KhazanahNews

Alue Puasa: Simbol Sejarah dan Perjuangan

*Tgk. Teuku Avicenna Al Maududdy, M. Hum

PADA 10 Agustus 1977, Teungku Hasan Di Tiro menuliskan sebuah refleksi tentang Alue Puasa, nama sebuah mata air yang diberikan oleh para leluhur mereka. Nama ini secara kebetulan menjadi semakin relevan karena saat mereka pindah ke lokasi tersebut, bulan Ramadhan baru saja dimulai.

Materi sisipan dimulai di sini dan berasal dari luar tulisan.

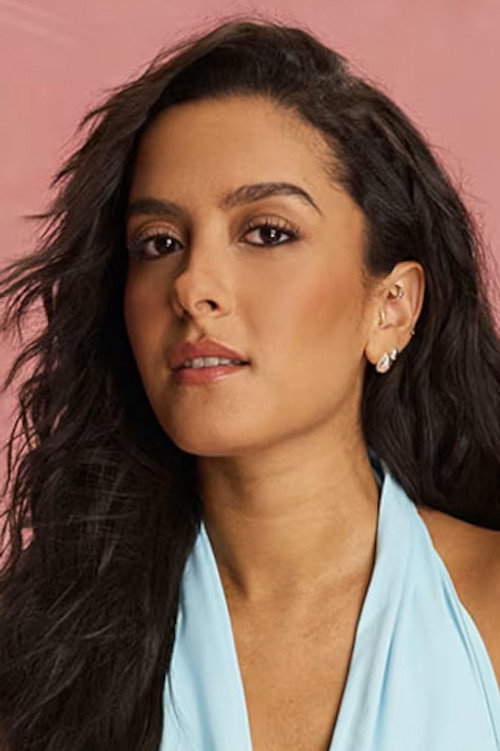 Imane El Farsi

Dalam beberapa hari setelah kepindahan itu, komunikasi mereka dengan wilayah pedesaan mulai pulih. Jarak perjalanan ke berbagai daerah pun dapat ditempuh dalam waktu yang relatif singkat: Geumpang di Tenggara (dua hari berjalan kaki), Tangsé di Selatan (satu hari), Blang Malo di Barat Daya (satu hari), serta Tiro di Barat Laut, Truséb di Utara, dan Blang Mand di Timur Laut yang masing-masing dapat dicapai dalam satu hari perjalanan.

Di Aceh, berbuka puasa dengan buah kurma merupakan tradisi yang sudah lama berlangsung. Hasan Di Tiro mengenang betapa ia sangat merindukan kurma untuk berbuka saat pertama kali berada di lokasi tersebut.

Keinginannya itu kemudian terwujud dalam bentuk kejutan yang mengharukan—sebuah kotak besar berisi kurma impor yang dikirim oleh Geutjhik Din, seorang kepala desa dari Truséb. Dengan penuh penghormatan, pria tua itu menyampaikan bahwa seorang pemimpin seperti Teungku tidak boleh kekurangan kurma saat berbuka. Sikap ini sangat membekas di hati Hasan Di Tiro.

Ketulusan dan dedikasi Geutjhik Din tidak berhenti di situ. Setelah ia wafat beberapa bulan kemudian, ia meninggalkan surat wasiat yang menyatakan bahwa tanahnya akan disumbangkan kepada dana perjuangan NLF (National Liberation Front) sebagai bentuk dukungan bagi kemerdekaan Aceh. Ia juga berpesan kepada keturunannya agar tetap setia mengikuti perjuangan Hasan Di Tiro hingga akhir.

Dalam catatannya, Hasan Di Tiro menuliskan bahwa sosok seperti Geutjhik Din adalah bagian dari generasi tua Aceh yang penuh pengorbanan dan kesetiaan. Ia bahkan menegaskan bahwa generasi semacam itu mungkin tidak akan muncul kembali kecuali Aceh benar-benar mencapai kemerdekaan. (Sumber: The Price Of Freedom: The Unfinished Diary of Teungku Hasan Di Tiro, 1984, 10 Agustus 1977, halaman 83.)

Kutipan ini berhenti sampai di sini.